*Assignment:*
Begin at the line below that has "Trail Camera HC-810A" and stop after the line that has "Recambio de moldura". Please restate only those lines, word for word.

*Material supplied:*
· · · ·
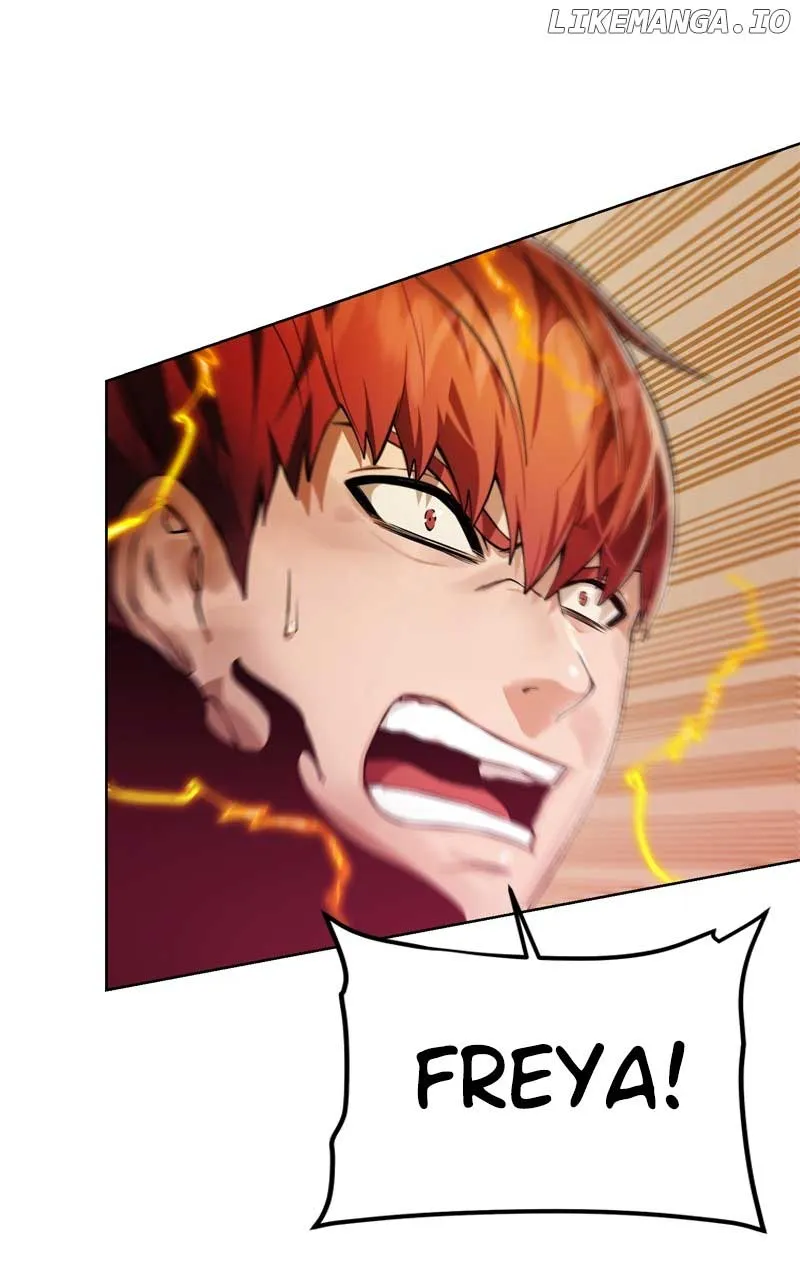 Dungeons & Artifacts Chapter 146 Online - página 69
· · · ·
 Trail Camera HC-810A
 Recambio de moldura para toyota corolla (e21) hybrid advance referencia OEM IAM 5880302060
· · · ·
*Answer below:*
 Trail Camera HC-810A
 Recambio de moldura para toyota corolla (e21) hybrid advance referencia OEM IAM 5880302060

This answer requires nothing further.